■ **EXERCISE**
Wherever the line that contains "沈浩是谁（沈浩怎么死的）" falls, repeat it and the lines after it exactly until the records end, without any pictures.
--- START ---
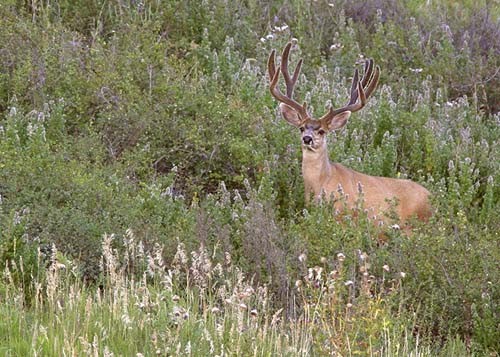 Muley Velvet Madness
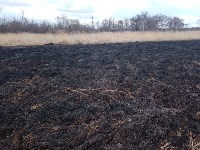 Горящую траву потушили на окраине Южно-Сахалинска, Фото: 2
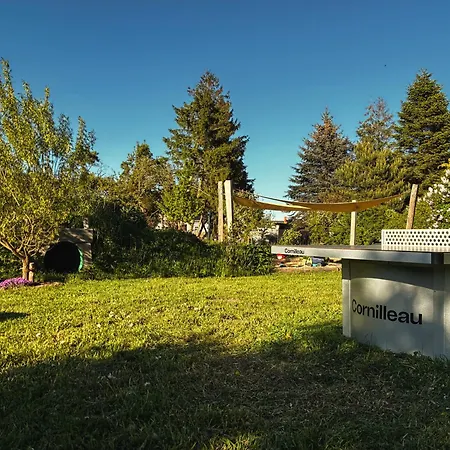 Makrele Von 1877 * Stahlbrode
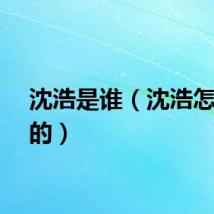 沈浩是谁（沈浩怎么死的）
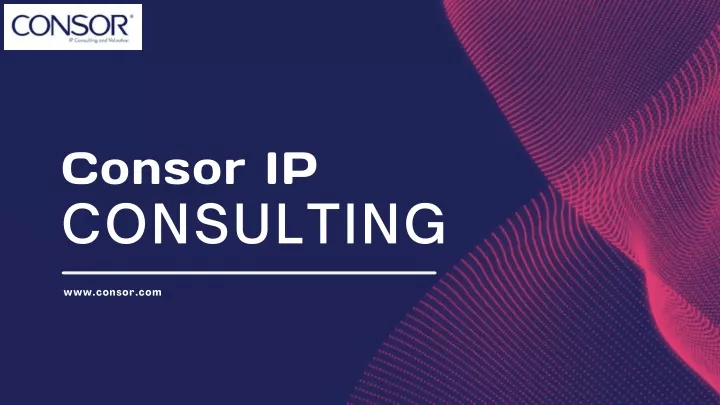 consor ip consulting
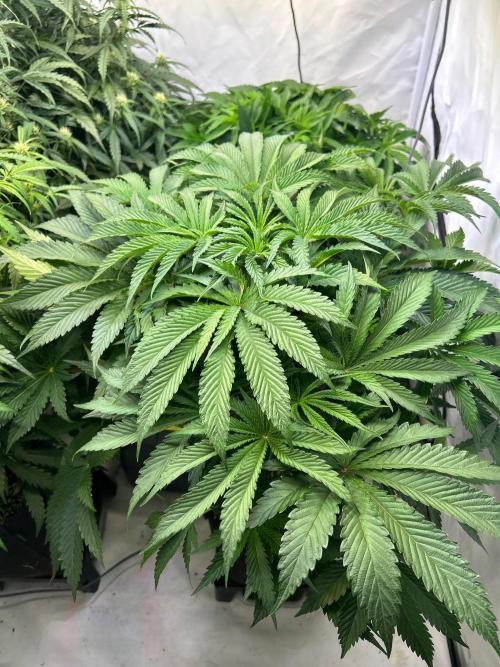 B F27 Auto ‚Strong And Heavy. Week 6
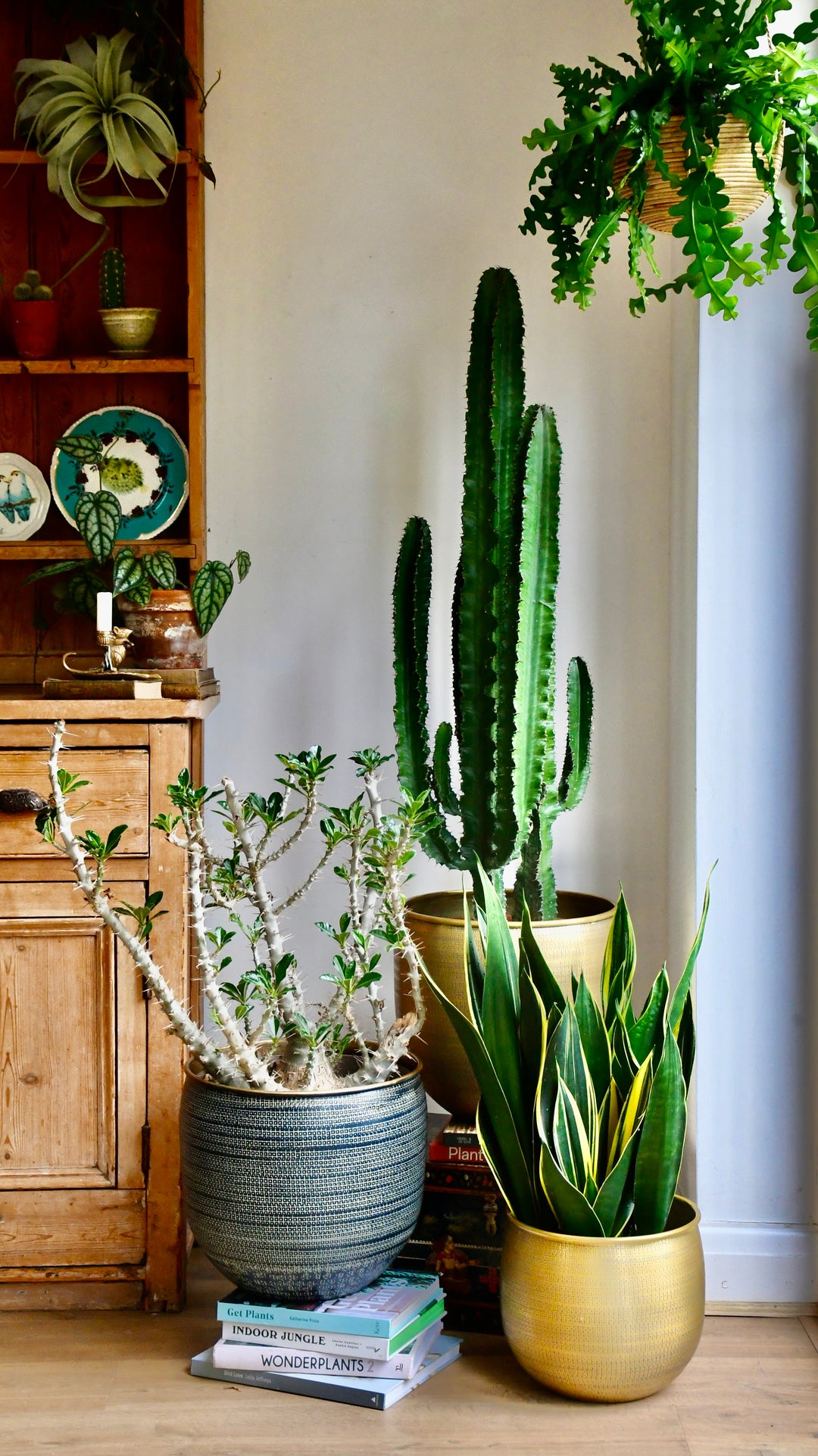 tall cactus potted plant Tall Euphorbia Cactus | Large Cactus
--- END ---
■ **OUTPUT FOR THIS EXERCISE**
 沈浩是谁（沈浩怎么死的）
 consor ip consulting
 B F27 Auto ‚Strong And Heavy. Week 6
 tall cactus potted plant Tall Euphorbia Cactus | Large Cactus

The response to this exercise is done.